------ Source records ------
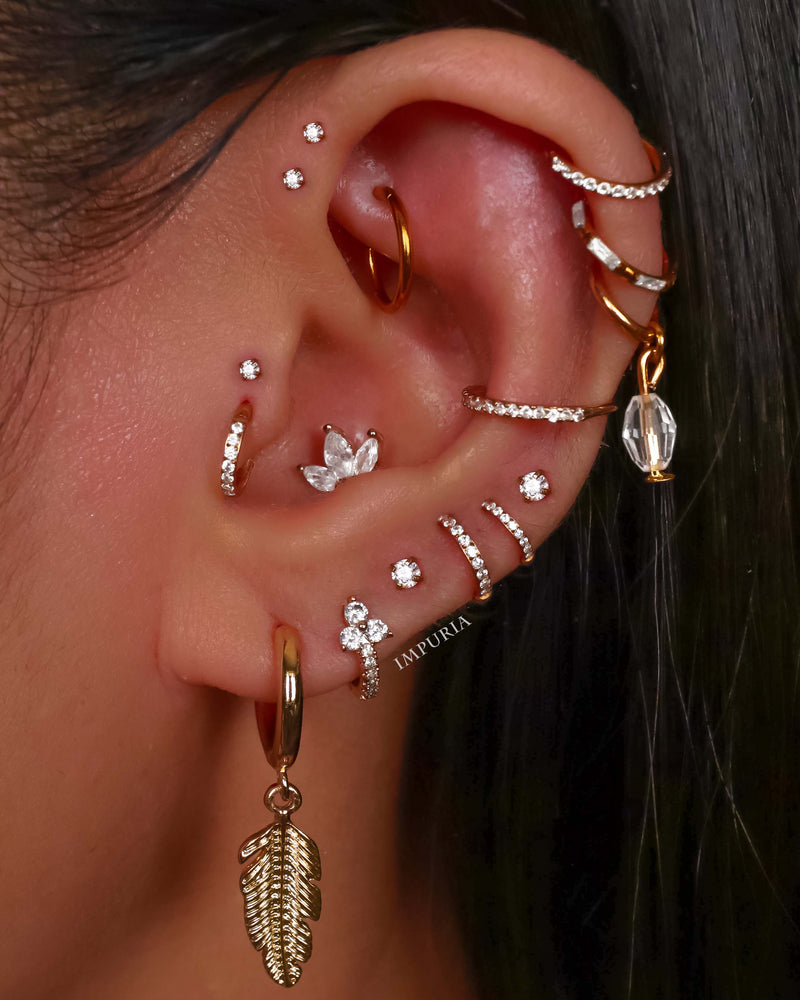 Crystal Trinity Lotus Hoop Huggie Earrings - Multiple Ear Piercing Ideas - www.Impuria.com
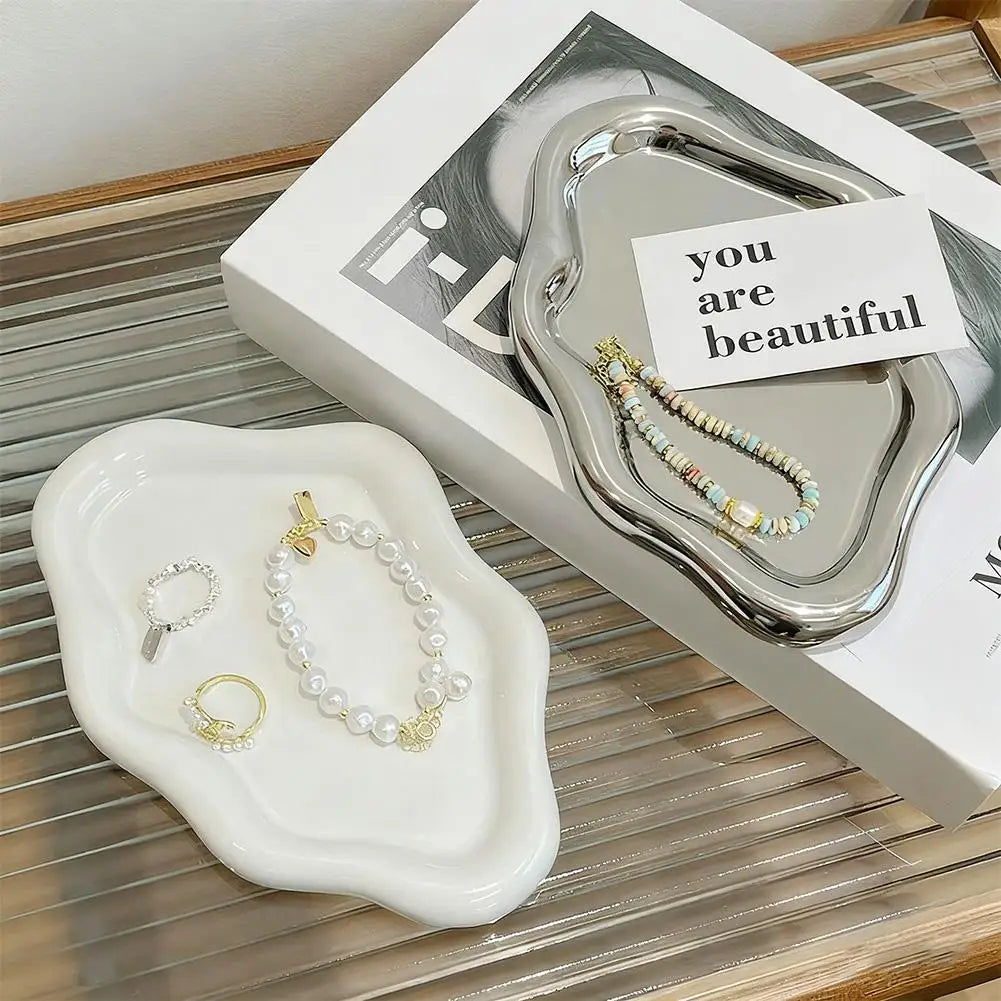 Simple Jewelry Storage Tray Creative White/silver Storage Tray Decorative Ornaments Electroplated Jewelry Tray Oasis Select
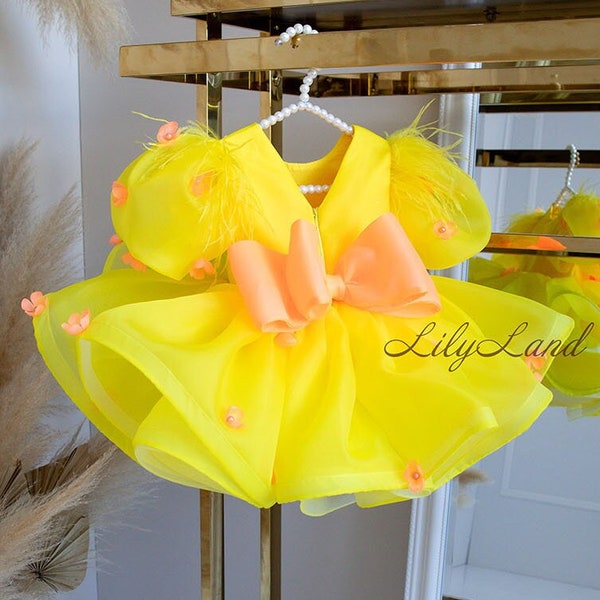 Yellow Feathers Baby Birthday Dress, Flower Girl Dress Tutu Special Occasion Toddler baby dress, Pageant Dress, Princess Prom Ball Gown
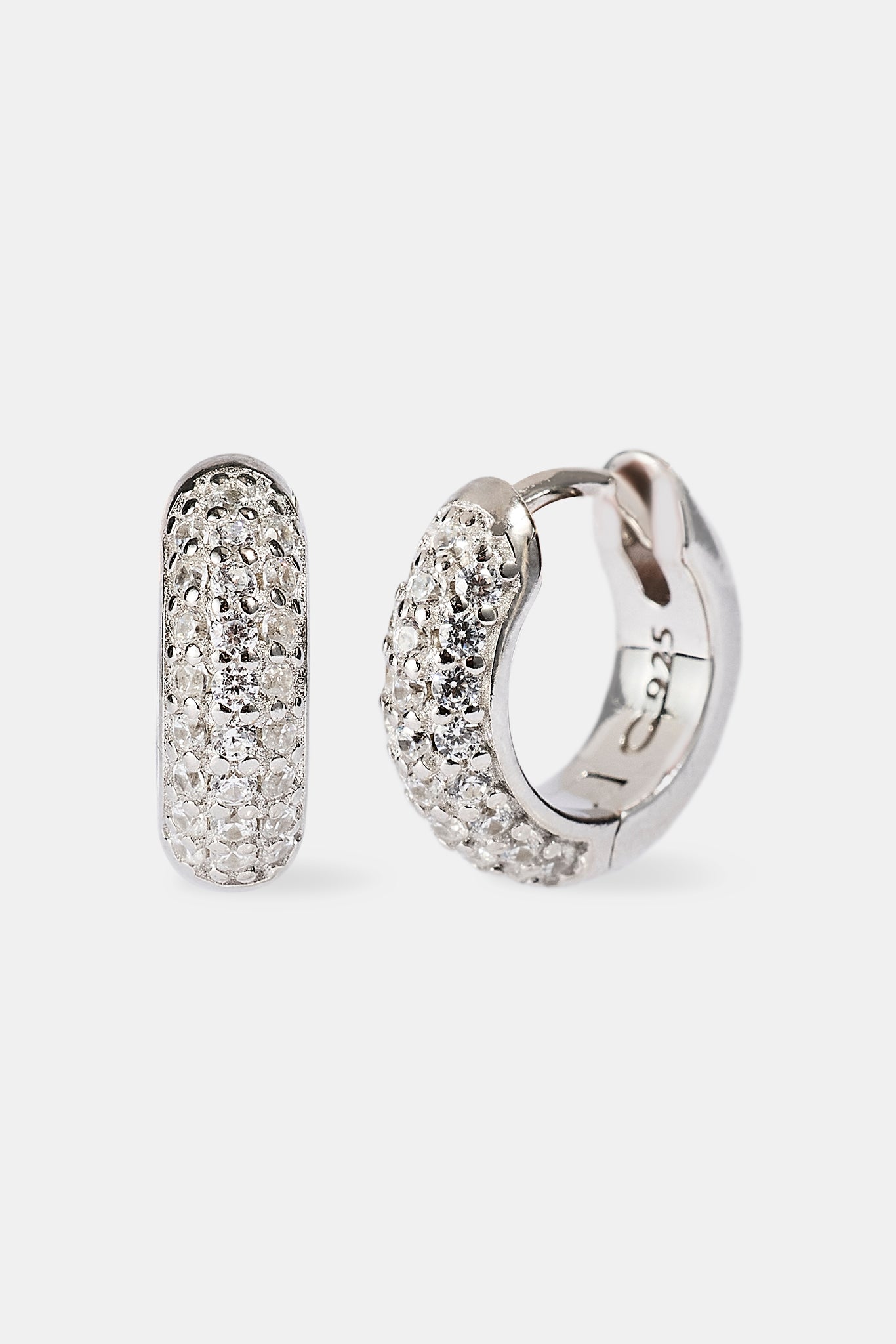 Iced Pave Micro Huggie Earrings - 12mm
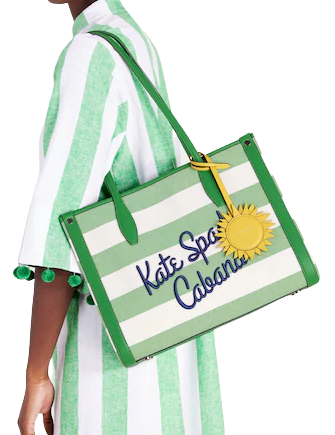 Kate Spade New York Market Cabana Canvas Medium Tote Green Multi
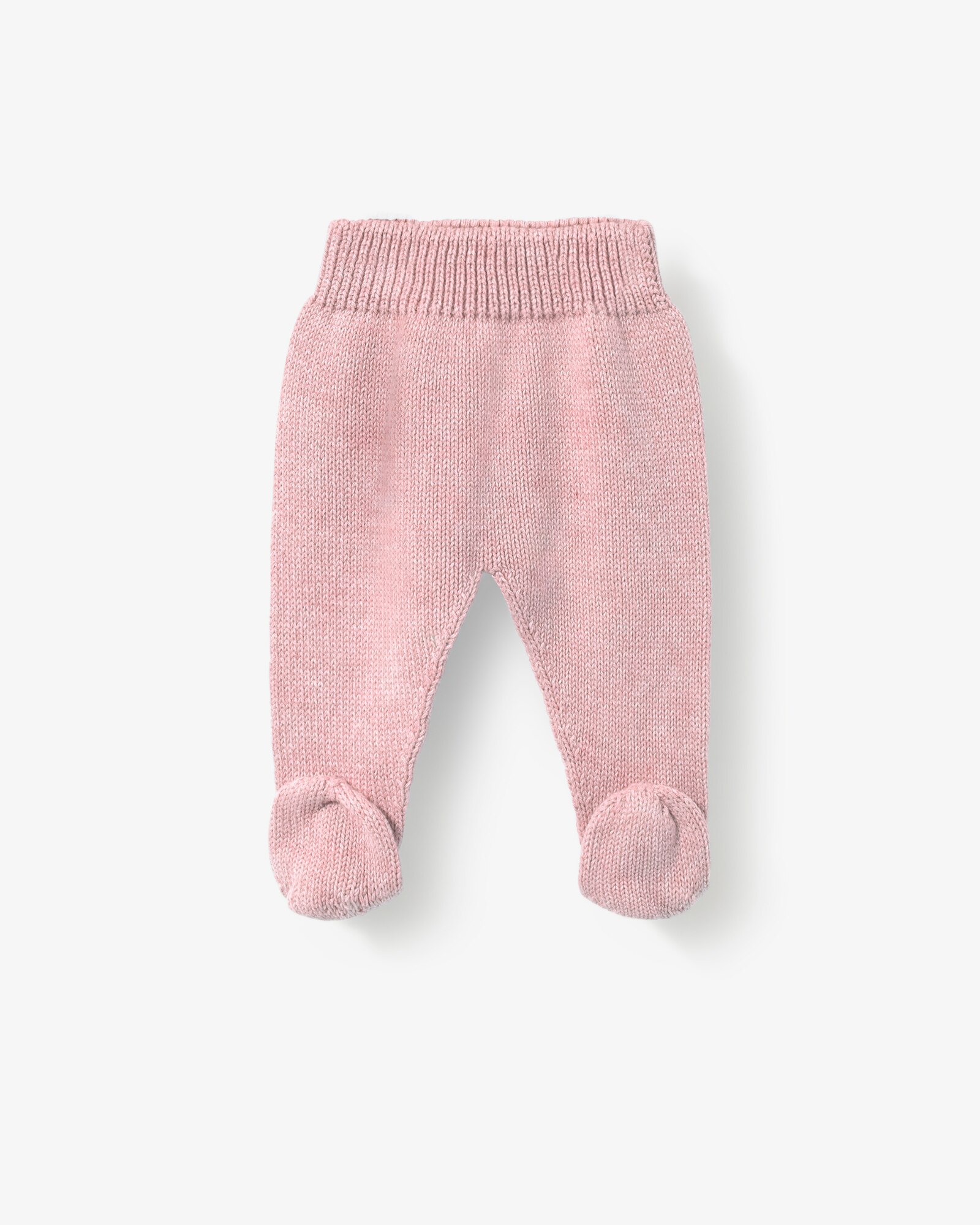 Conjunto para Bebé em Algodão Tricotado Liso com Camisola Abotoada e Polainas Tous Rosa-3
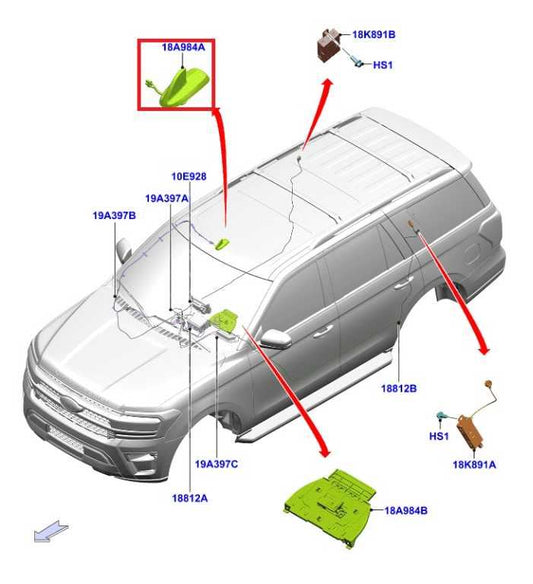 18-24 Ford Expedition Limited Roof Shark Fin Radio Antenna JL1T-19K351-BC *ReaD* - Alshned Auto Parts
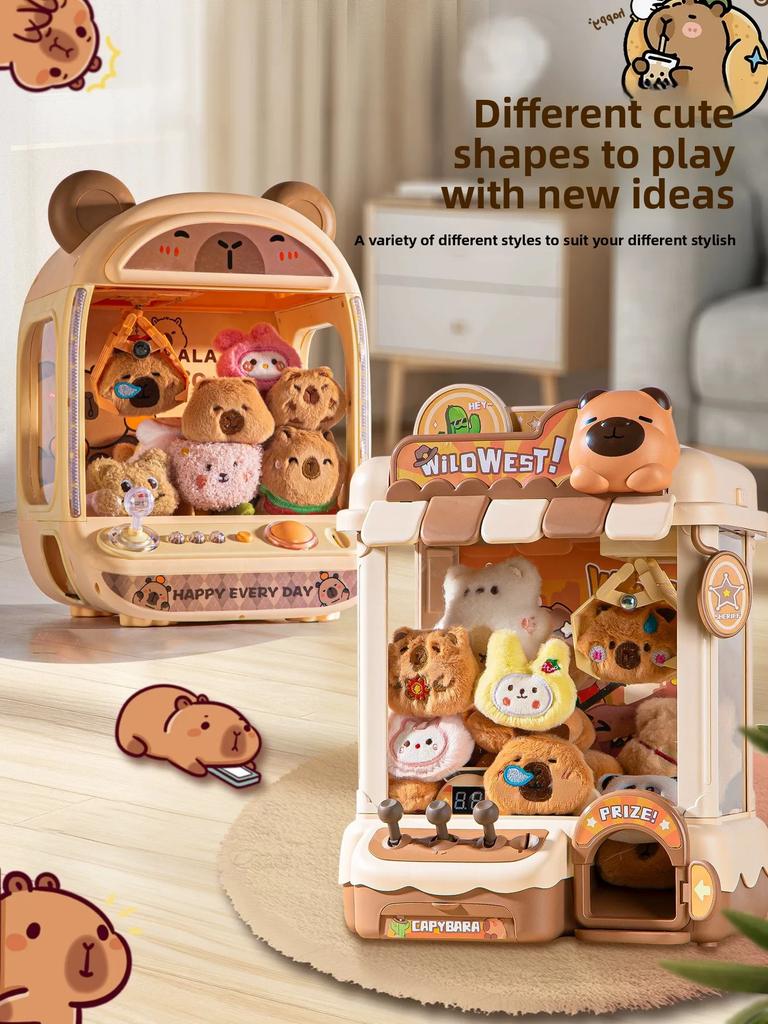 Macchina per Bambole Automatica Fai-da-te Non Tossica Gioco a Gettoni per Bambini Macchine a Gru con Pinza Mini Giocattoli da Afferrare Bambola Musicale per Regali di Natale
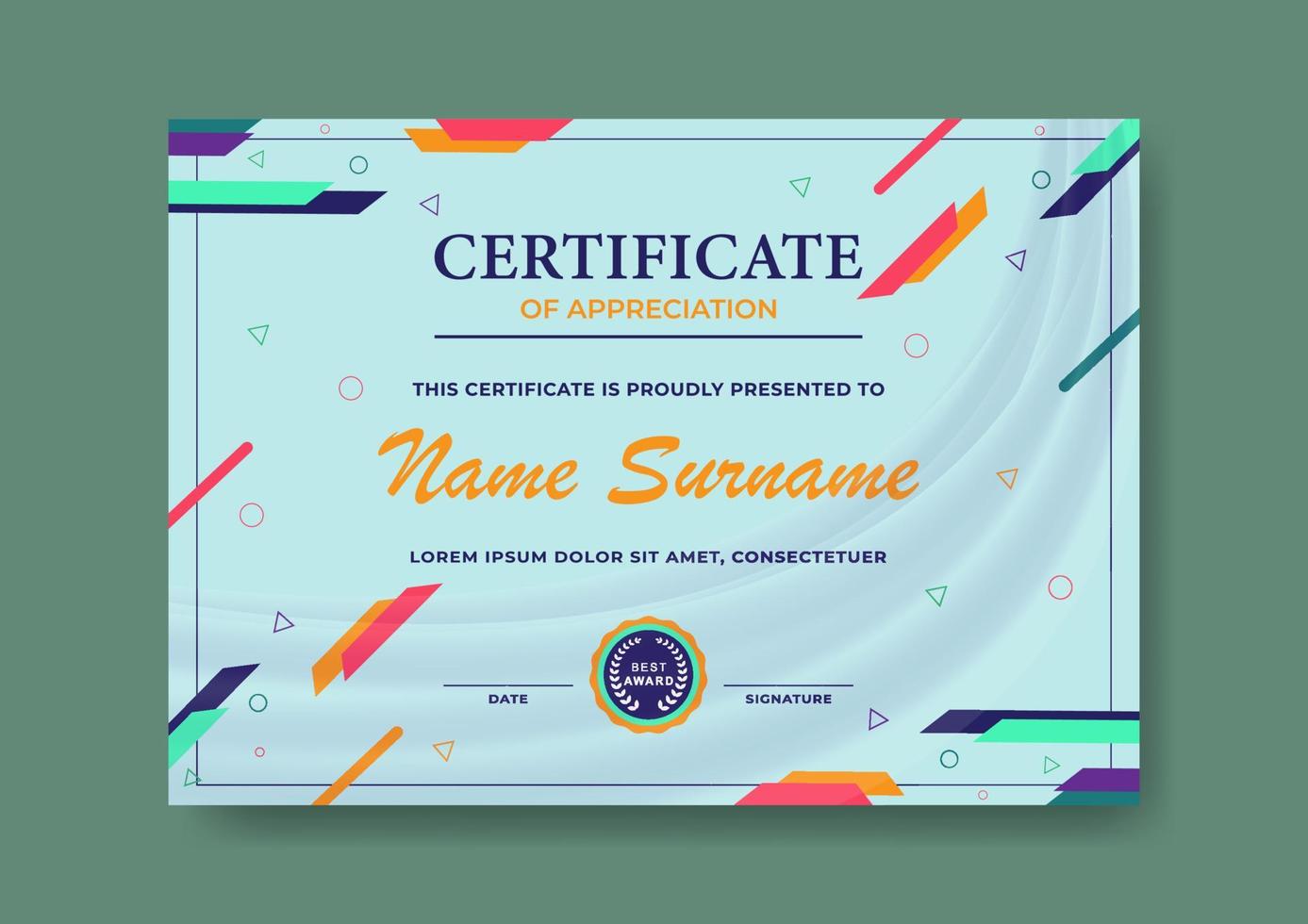 Elegant And Beautiful Certificate Template Design For  Corporate, Graduation, and Organization vector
------
Instructions to follow: Copy nothing but the lines from the start of the entries through the line with "18-24 Ford Expedition". Write them out exactly, without pictures.

Result:
 Crystal Trinity Lotus Hoop Huggie Earrings - Multiple Ear Piercing Ideas - www.Impuria.com
 Simple Jewelry Storage Tray Creative White/silver Storage Tray Decorative Ornaments Electroplated Jewelry Tray Oasis Select
 Yellow Feathers Baby Birthday Dress, Flower Girl Dress Tutu Special Occasion Toddler baby dress, Pageant Dress, Princess Prom Ball Gown
 Iced Pave Micro Huggie Earrings - 12mm
 Kate Spade New York Market Cabana Canvas Medium Tote Green Multi
 Conjunto para Bebé em Algodão Tricotado Liso com Camisola Abotoada e Polainas Tous Rosa-3
 18-24 Ford Expedition Limited Roof Shark Fin Radio Antenna JL1T-19K351-BC *ReaD* - Alshned Auto Parts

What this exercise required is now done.